A gift is the transfer of property voluntarily and without consideration by one person to another, accepted during the donor's lifetime; a will operates only on death, may be revoked at any time before death, and requires attestation by two witnesses.
Explanation
Application examples
Scenario
Rajesh executed a formal deed of gift transferring his flat to his son Arjun, with the deed properly registered. The deed stated: 'I gift this flat to my son provided he remains unmarried.' Arjun took possession and Rajesh received no consideration. Three months later, Arjun married. Rajesh now seeks to cancel the gift and evict Arjun, arguing the condition has been breached.
Analysis
This tests the enforceability of conditions subsequent in a completed gift. The gift was validly perfected: there was a written deed, registration occurred, Arjun accepted by taking possession, and Rajesh received no consideration. The critical issue is whether the condition (remaining unmarried) can divest Arjun's vested interest. Indian courts have consistently held that conditions subsequent attempting to defeat or divest an interest already transferred are void as repugnant to the nature of a completed gift. The condition here is precisely such a divesting condition—it attempts to cause forfeiture if the donee's marital status changes after the gift was perfected.
Outcome
Rajesh's suit fails. The gift to Arjun is irrevocable, and the condition subsequent is void and unenforceable. Arjun retains absolute ownership of the flat regardless of his subsequent marriage. The gift was completed during Rajesh's lifetime with proper acceptance, and no force can divest it save by new transaction with Arjun's consent.
Scenario
Meera orally promised her cousin Priya that she would gift her diamond necklace 'next year on your birthday.' Priya rejoiced and told her friends about the expected gift. Before the birthday arrived, Meera died intestate without executing any written deed or will mentioning the necklace. Priya now claims that the gift was binding and demands the necklace from Meera's legal heirs.
Analysis
This distinguishes a mere promise or commitment to gift from a completed gift. No gift was perfected because: (1) there was only a promise to transfer future property, not a present transfer; (2) no formal deed or act of delivery occurred; (3) the condition precedent (Priya's birthday) had not been satisfied; and (4) Meera retained full control and could have revoked her intention at any time. Priya's expectancy is not a legal right but merely a hope. The oral nature alone is not fatal for movables, but the absence of delivery or acceptance during Meera's lifetime is decisive.
Outcome
Priya's claim is rejected. No gift was created; only a revocable promise existed. The necklace devolves according to Meera's intestate succession law, and Priya has no claim. To perfect a gift, the donor must intend to transfer present interest and the donee must accept during the donor's lifetime.
Scenario
Kumar sent his younger brother Vikram a registered deed of gift transferring his ancestral property. The deed recited 'I transfer this property to my brother without consideration, signed by me.' Kumar neither signed the deed himself nor authorised anyone to sign on his behalf. Vikram accepted the gift in writing. Kumar later died, and his heirs challenge the validity of the gift, claiming Kumar never actually executed it.
Analysis
This tests the execution formality for gifts of immovable property. The deed is purportedly from Kumar but bears no signature of Kumar or his authorised agent. While the deed was registered and Vikram accepted, the statutory requirement for a gift of immovable property is that it must be in writing and executed by the donor. Execution means the donor must sign or cause to be signed. A deed signed by someone without actual or ostensible authority is not properly executed, regardless of acceptance by the donee or subsequent registration. The registration does not cure the defect of improper execution.
Outcome
The gift is void for non-execution by the donor. Vikram's acceptance cannot perfect a gift that was never properly executed by Kumar. The property remains Kumar's, and the heirs' challenge succeeds. The principle that a gift requires voluntary action by the donor to transfer property is not satisfied by a deed bearing another's signature.
How CLAT tests this
- Examiners present an oral gift of immovable property with delivery of possession and ask if it is valid—the trap is that movable gifts can be perfected orally with delivery, but immovable property gifts require a registered deed in writing; students who conflate the two are snared.
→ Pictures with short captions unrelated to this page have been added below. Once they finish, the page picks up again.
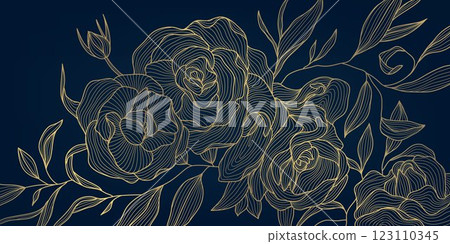 Vector set of roses, gold art flowers, luxury design illustration. Art deco fancy nature elegant drawing, japanese bloom, garden elements. 123110345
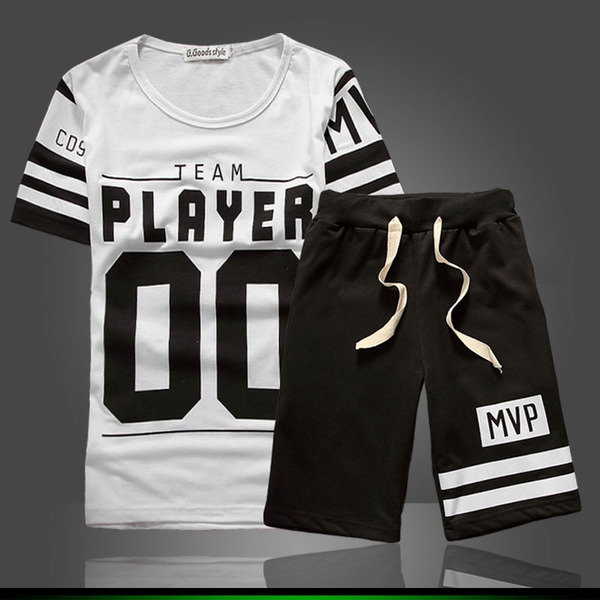 Ανδρικά  αθλητικά καλοκαιρινά σπορ φόρμες, κοντό μανίκι και σορτς: Μαύρο, Γκρι, Πράσινο, Κόκκινο, Μπλε χρώμα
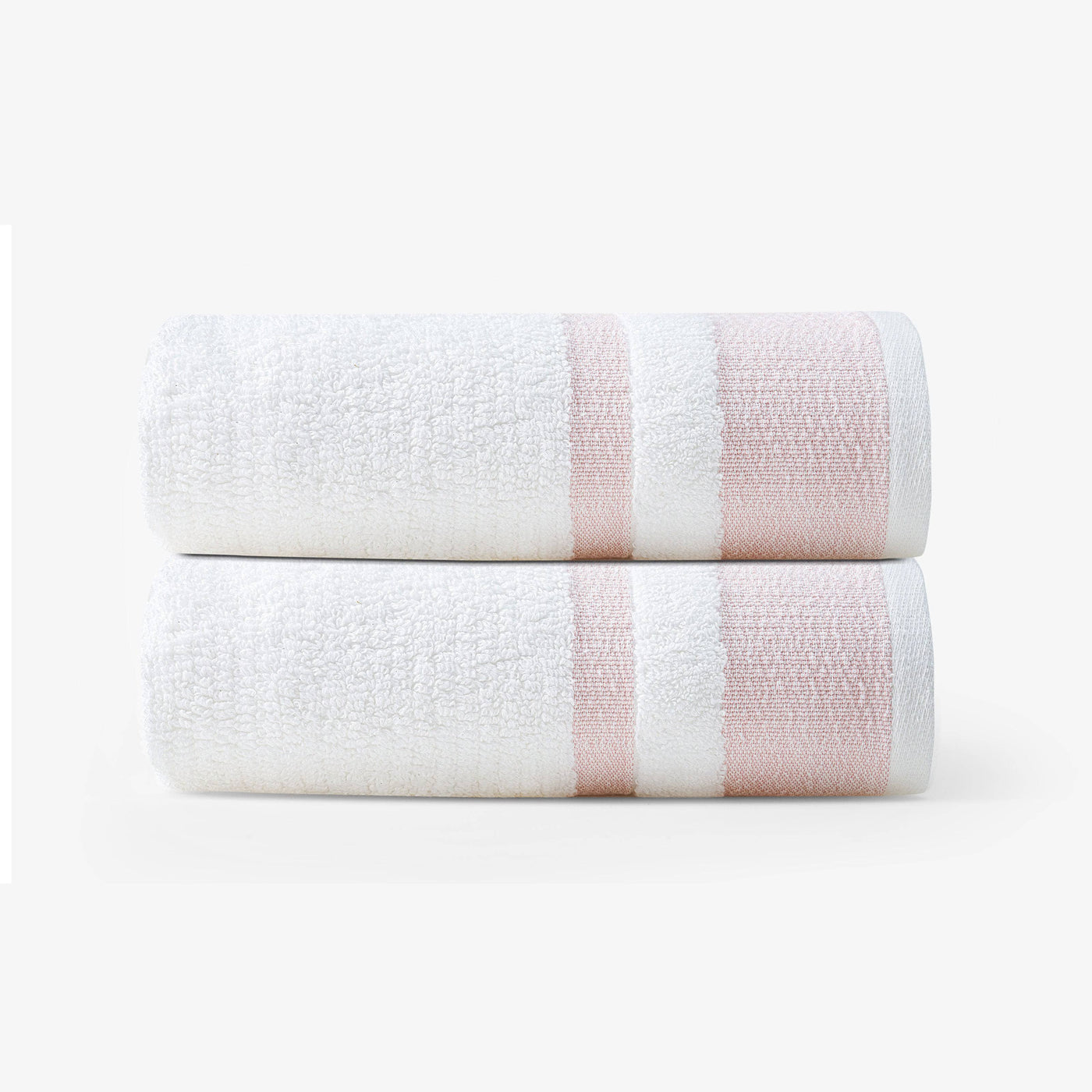 Charlotte Set of 2 Striped 100% Turkish Cotton Hand Towels, Pink Hand Towels sazy.com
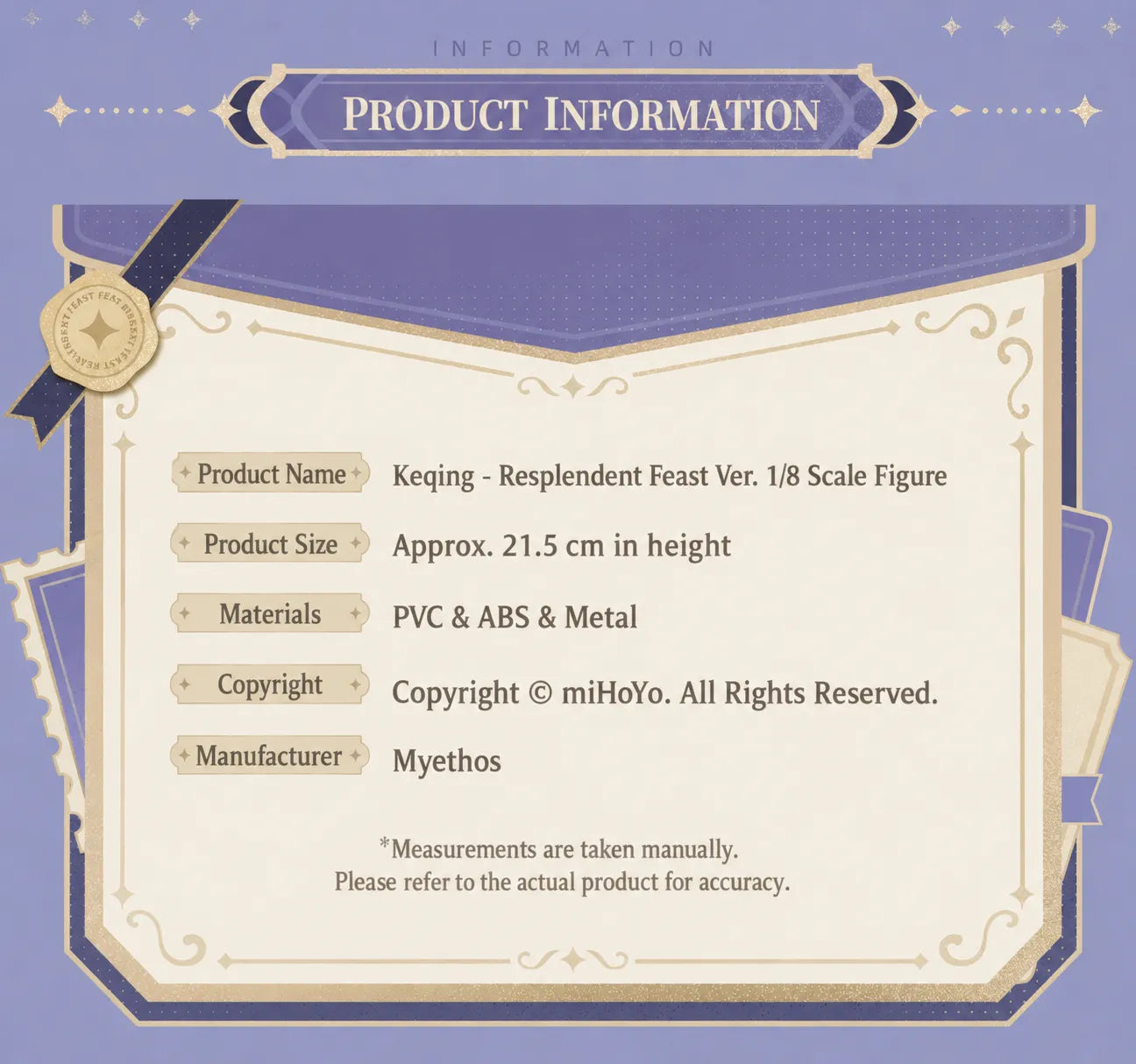 Keqing Resplendent Feast figure product information and specifications
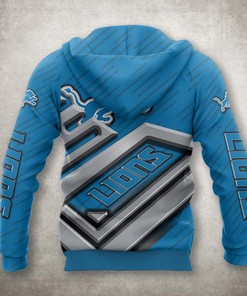 Detroit Lions No 1 All Over Print Zip Up Hoodie For Fans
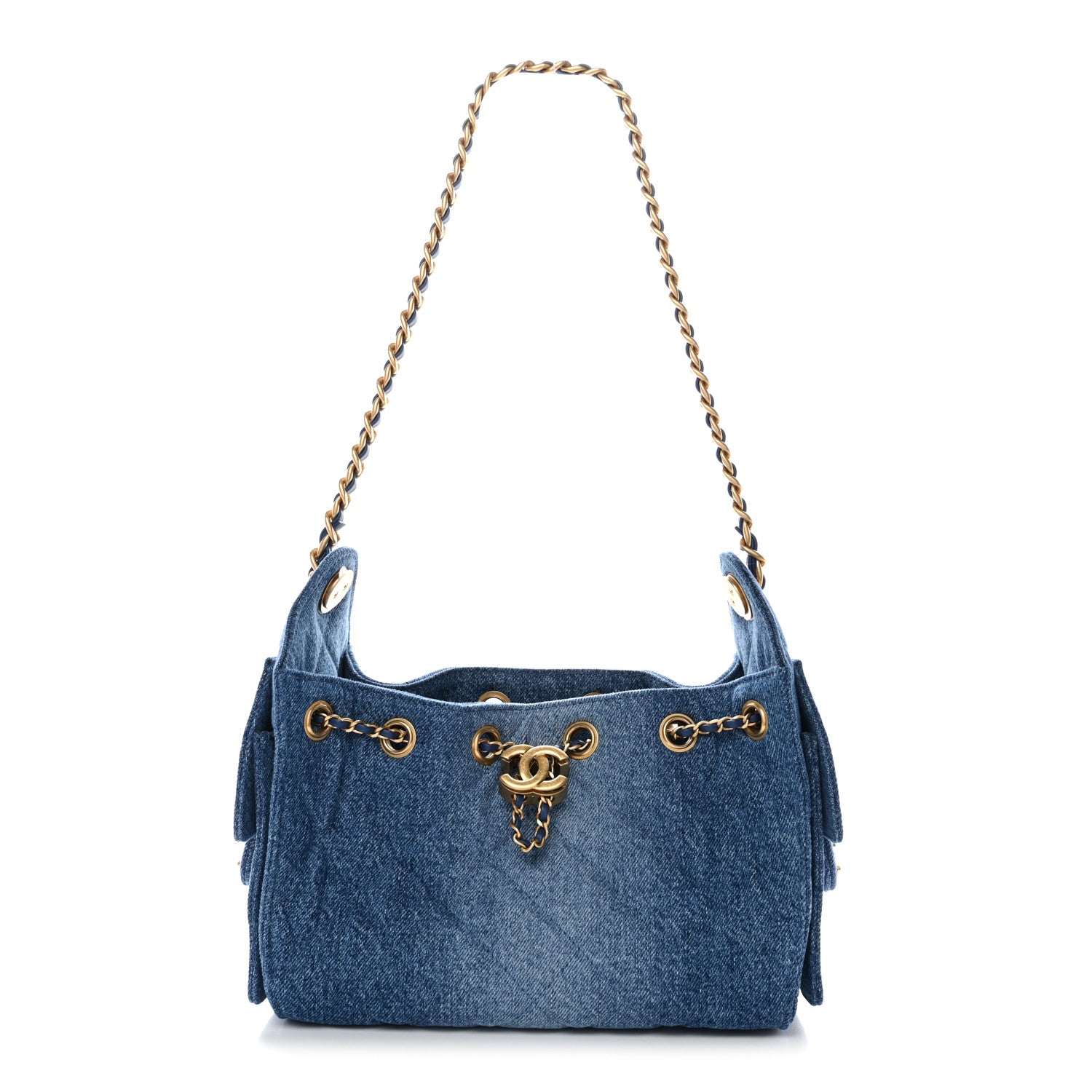 Chanel Washed Denim Quilted Mini Chanel 25 Handbag Blue 1813708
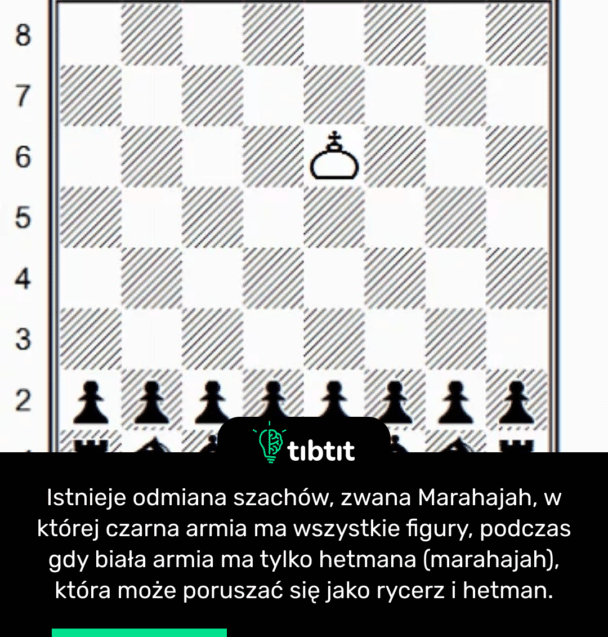 Istnieje odmiana szachów, zwana Marahajah, w której czarna armia ma wszystkie figury, podczas gdy biała armia ma tylko hetmana (marahajah), która może poruszać się jako rycerz i hetman.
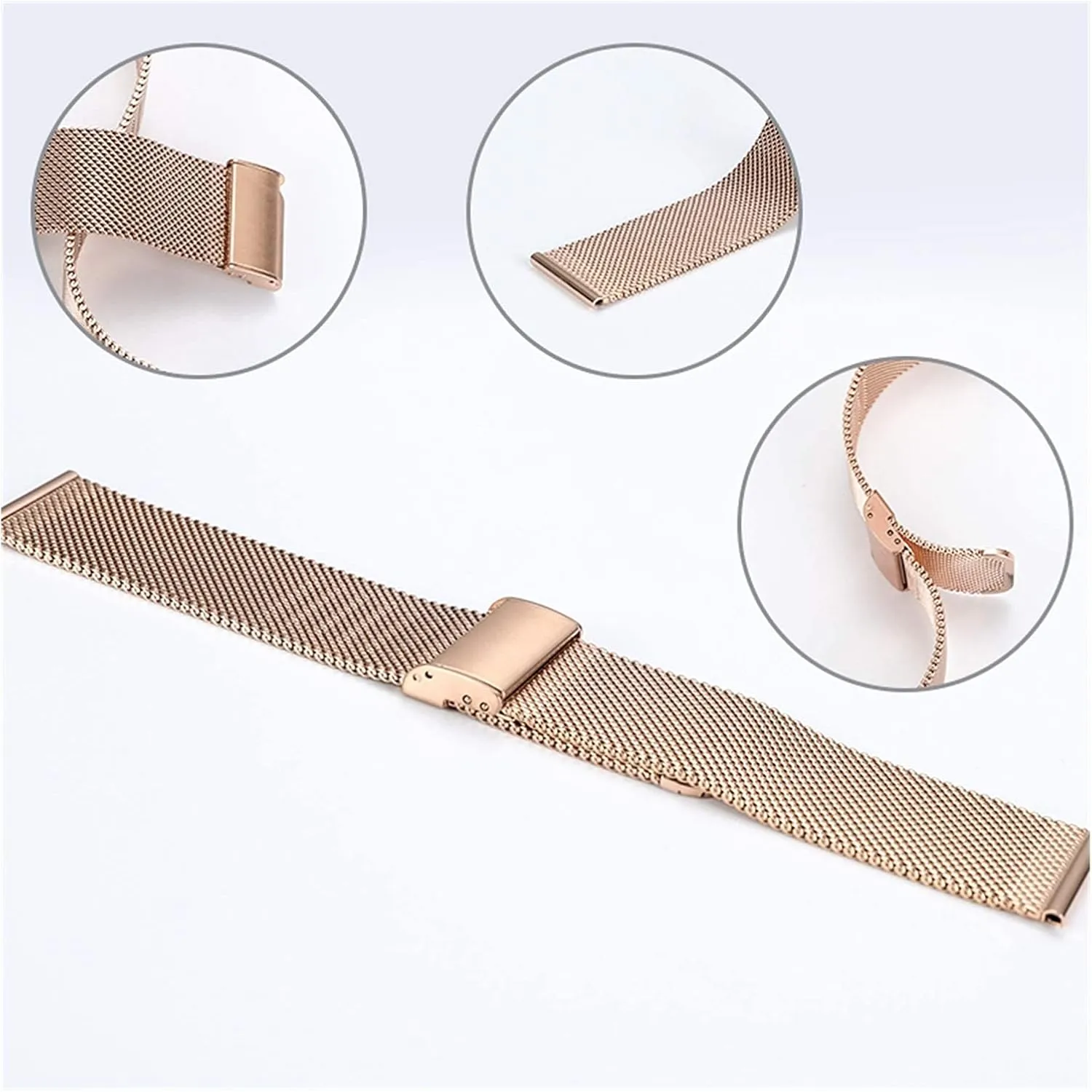 watch strap universal single buckle with 16mm 18mm 20mm 22mm silver stainless steel strap replacement bracelet bracelet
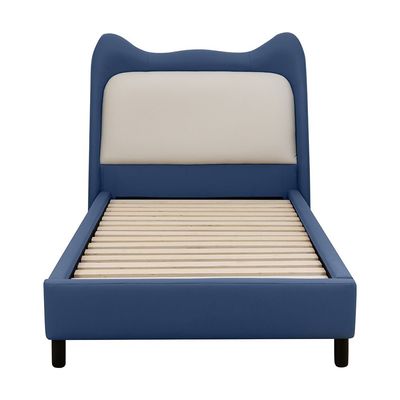 Knight 90x200 Faux Leather Upholstered Kids Bed-Blue & Light Beige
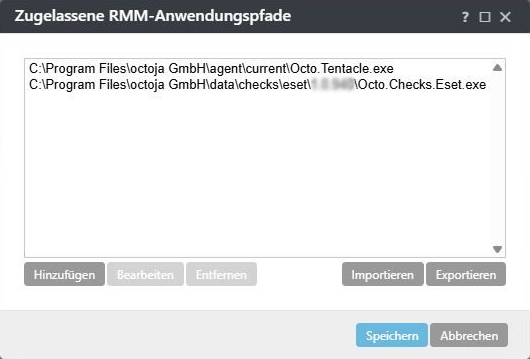 German ESET dialog “Zugelassene RMM-Anwendungspfade” showing paths to Octo.Tentacle.exe and Octo.Checks.Eset.exe and the “Speichern” (Save) button.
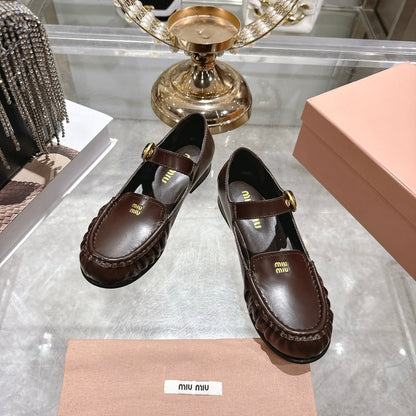 Miu Mary Jane Ballet Flats Brown Calfskin 592044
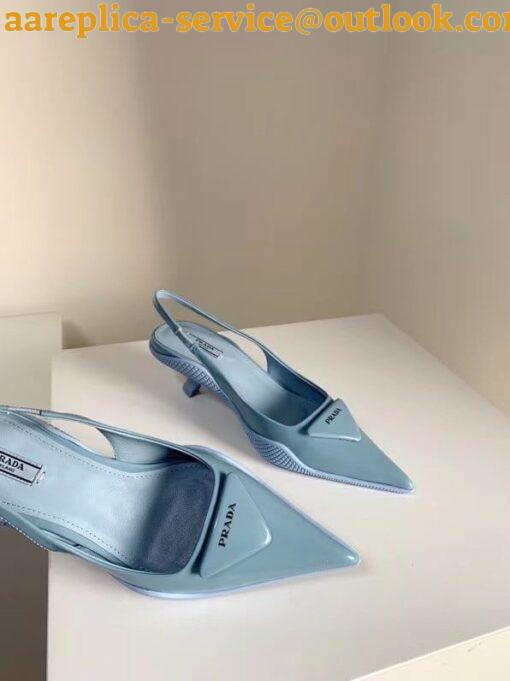 Replica Prada Slingback Pumps In Light Blue Brushed Leather 5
- A fact pattern states the donee 'inherited' property through a gift and later the donor sues to cancel it arguing the donee was ungrateful—examiners test whether students wrongly believe a donor can revoke a completed gift on grounds of changed circumstances or ingratitude, when in fact revocation is impossible absent fraud or undue influence at inception.
- A question presents a father's deathbed statement: 'I gift my watch to you, use it after I die'—students often wrongly treat this as a testamentary disposition failing due to want of will formalities, when the correct analysis is whether this was a conditional gift (precedent being the father's death), which would fail because the condition was never truly precedent but merely collateral instruction on use.
- The missing acceptance trap: a fact pattern describes property delivered to a purported donee who was unconscious, intoxicated, or absent—students must recognise that without conscious acceptance, however informal, no gift is perfected, and delivery to a non-consenting person is insufficient.
- Scope-creep distraction involving succession statutes: a question asks about validity of a gift under Hindu Succession Act or Muslim Personal Law succession provisions—students are tempted to apply succession law doctrines (like doctrine of advancement), when the anterior question is whether the gift was validly constituted under contract law principles, which is jurisdiction-neutral.